Michoacán. México. La violencia colma la pantalla con imágenes de archivo de víctimas del cártel, seguidas de la toma larga de una mujer llorando y mirando de manera suplicante hacia el espectador. Como respuesta aparece la figura de Mireles, quien no es captado por la cámara de forma jactanciosa como sucedía con su doble estadounidense, sino que se lo muestra desde la humanidad: con su familia, atendiendo pacientes como médico pediatra, y alentando a los hombres y mujeres del pueblo a levantarse para luchar por sí mismos, sin esperar en vano que el gobierno les brinde una solución, hasta el punto en que el pueblo termina enfrentándose a los militares que dicen protegerlos. Ante la ausencia del gobierno se establece el derecho de armarse en legítima defensa de la familia y de la propiedad. “No hay gobierno, el gobierno está trabajando con los criminales”, dice Mireles, vaticinando ya el final, en el que corrupción y poder son intrínsecos.

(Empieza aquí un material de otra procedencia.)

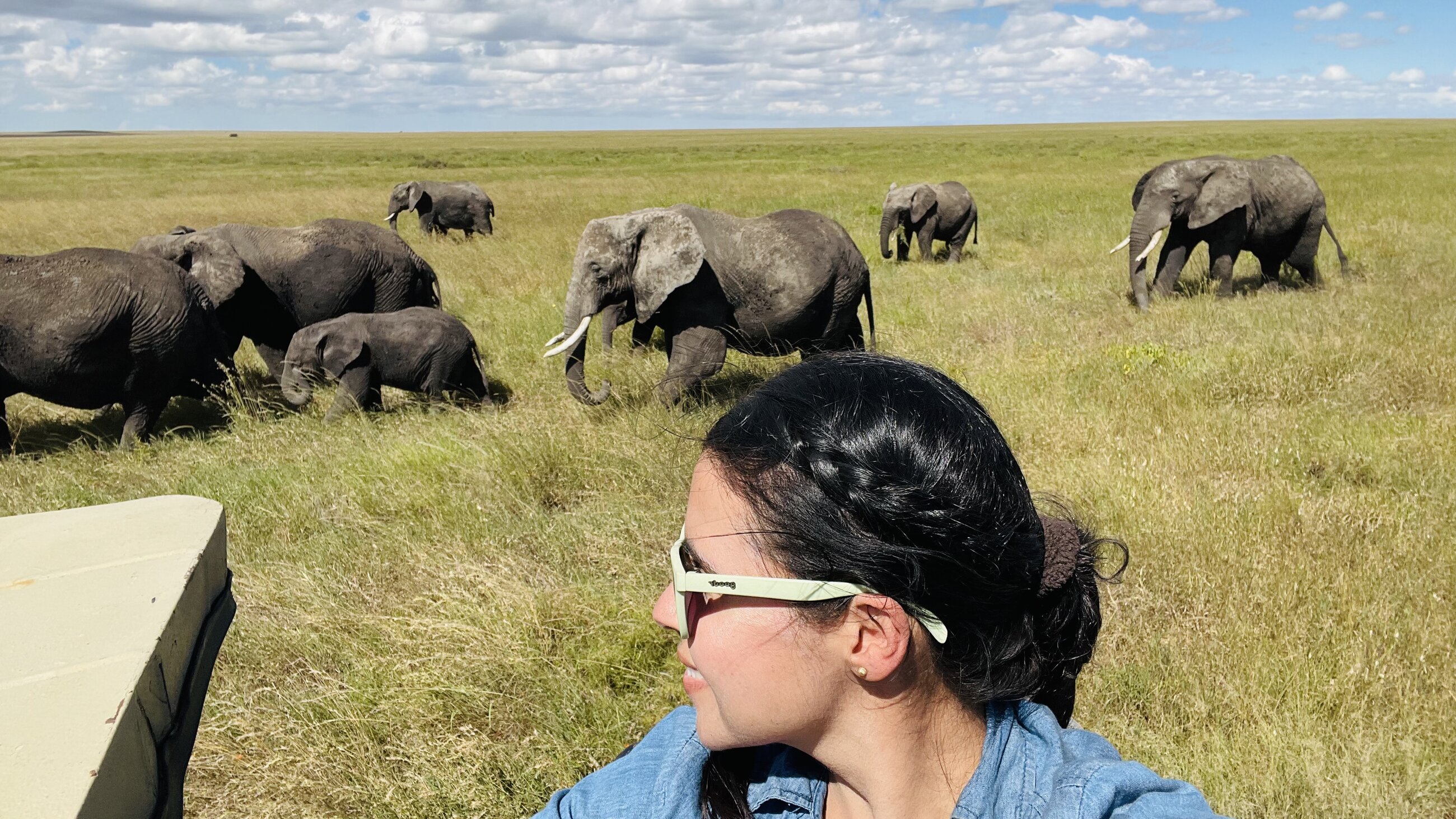 Safari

A partir del accidente/atentado que sufre el doctor Mireles cae la noche sobre las recorridas de la cámara en suelo mexicano, coloreando la pantalla con negrura cuando la asociación de Autodefensa se hunde en la pudrición moral -el desmadre- como consecuencia del poder alcanzado y la falta de orden interno que proporcionaba el líder abatido. Es entonces cuando la gente se da vuelta contra los grupos paramilitares.

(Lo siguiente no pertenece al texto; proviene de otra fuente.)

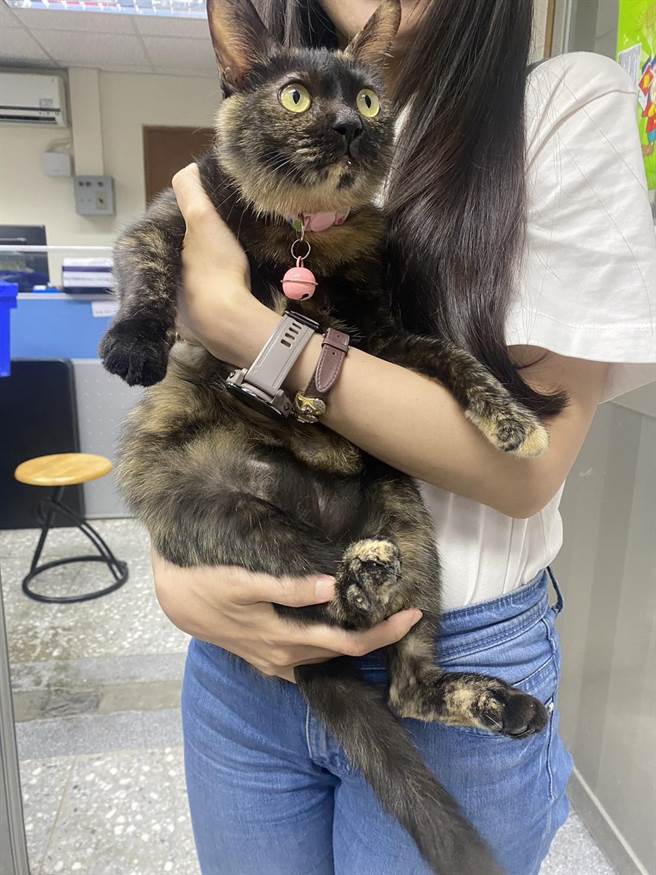 抱猫正确动作应一手置于猫前脚及胸口位置，另一手托住后腿及屁股位置。（新北市动保处提供）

Lo que unifica ambos lados de la frontera es que quienes se unen a grupos paramilitares lo hacen porque temen que el país colapse y no encuentran ayuda desde el gobierno. En ese caso el terror, tantas veces utilizado para controlar a la población, se vuelve contra los gobernantes en pos de movimientos de corte anárquico. La forma que encuentra el gobierno de Peña Nieto es “legalizar” la autoridad de esos grupos para lograr controlarlos, fomentando la corrupción que la fuerza del movimiento había instaurado ya.

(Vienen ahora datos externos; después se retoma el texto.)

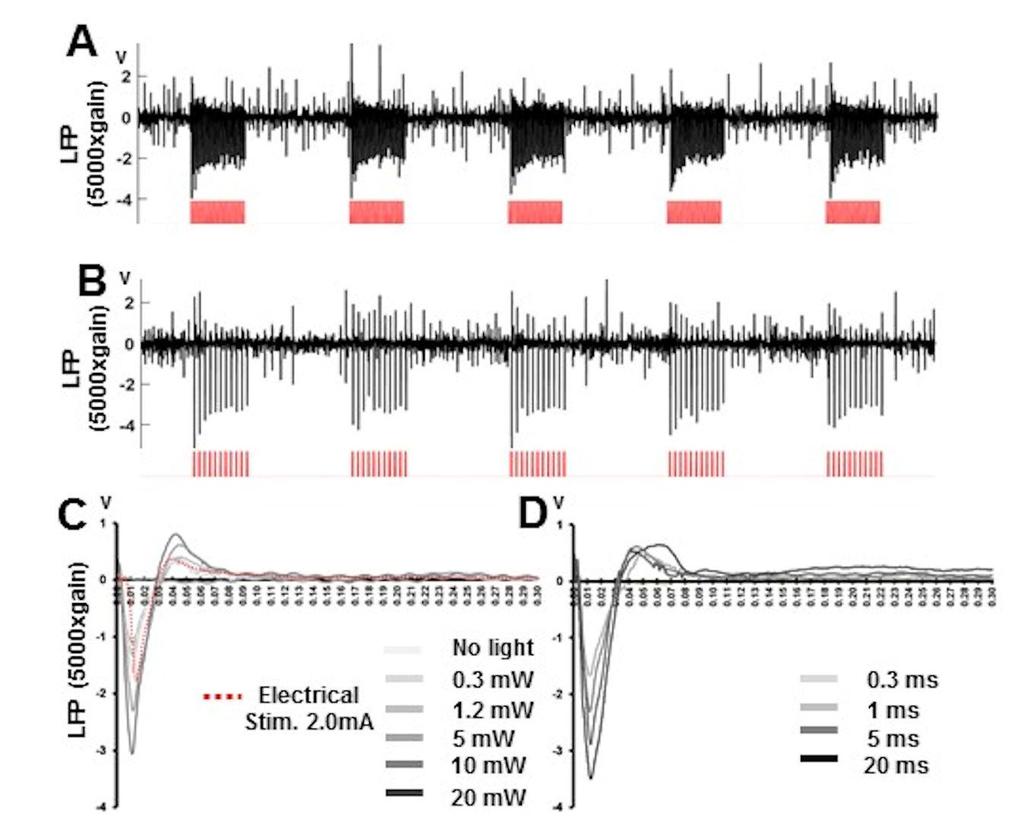 Supplementary Figure 7 The light-driven local field potential (LFP) by optogenetics. A.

Todo el universo de la película se plantea desde el desasosiego, el abandono y la imposibilidad de eludir la red de corrupción y muerte, donde el único que no se corrompe (más allá de un hecho de infidelidad hacia su mujer, que se justifica desde el mito del héroe que no puede ser casero) es condenado por el sistema a la reclusión, si no a la muerte.
Cartel Land (México, 2015), de Matthew Heineman, c/José Manuel “El doctor” Mireles, Enrique Peña Nieto, 80’.